*** SUPPLIED MATERIAL Section Begins ***

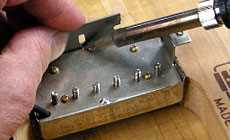 Photo: desoldering the humbucker cover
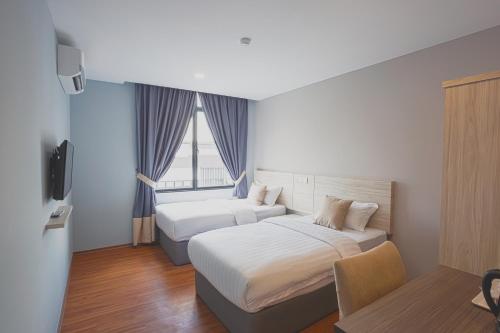 塞里阿兰V3酒店客房内的一张或多张床位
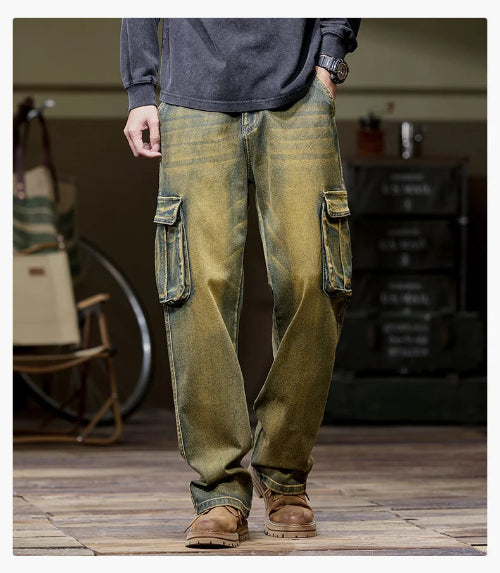 Front view of a model wearing faded olive-brown cargo pants with large flap pockets on both thighs and loose straight legs, paired with brown boots.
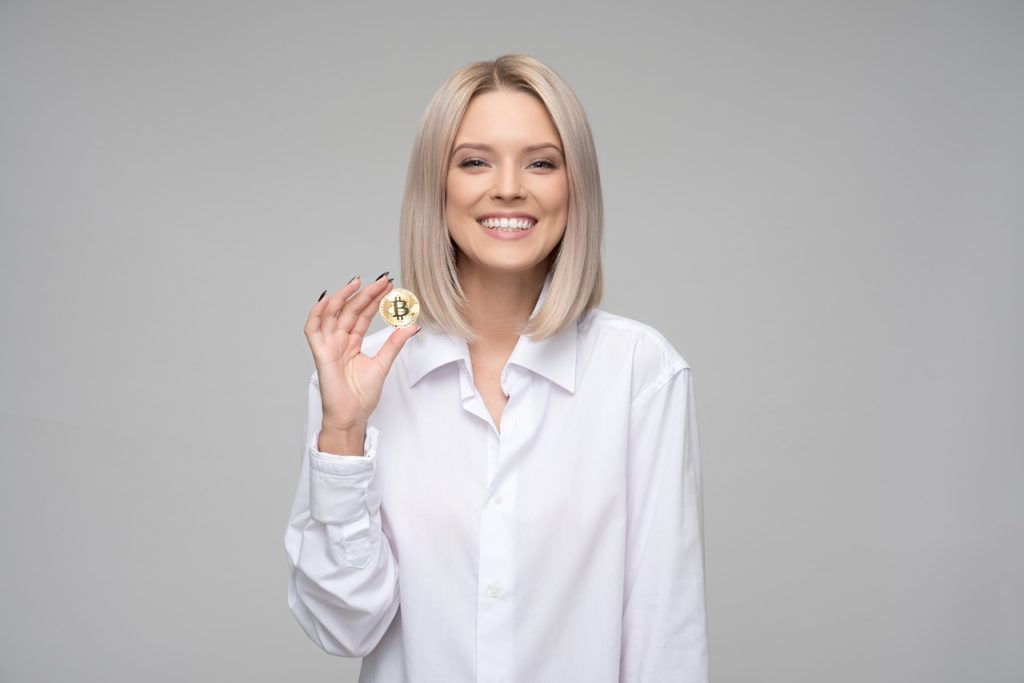 A woman holding cryptocurrency representing using blockchain technology with cannabis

*** SUPPLIED MATERIAL Section Ends ***

* PROBLEM TO SOLVE *
Your answer must be the full listing, word for word, minus any images.

* RESPONSE TO THIS EXERCISE *
 Photo: desoldering the humbucker cover
 塞里阿兰V3酒店客房内的一张或多张床位
 Front view of a model wearing faded olive-brown cargo pants with large flap pockets on both thighs and loose straight legs, paired with brown boots.
 A woman holding cryptocurrency representing using blockchain technology with cannabis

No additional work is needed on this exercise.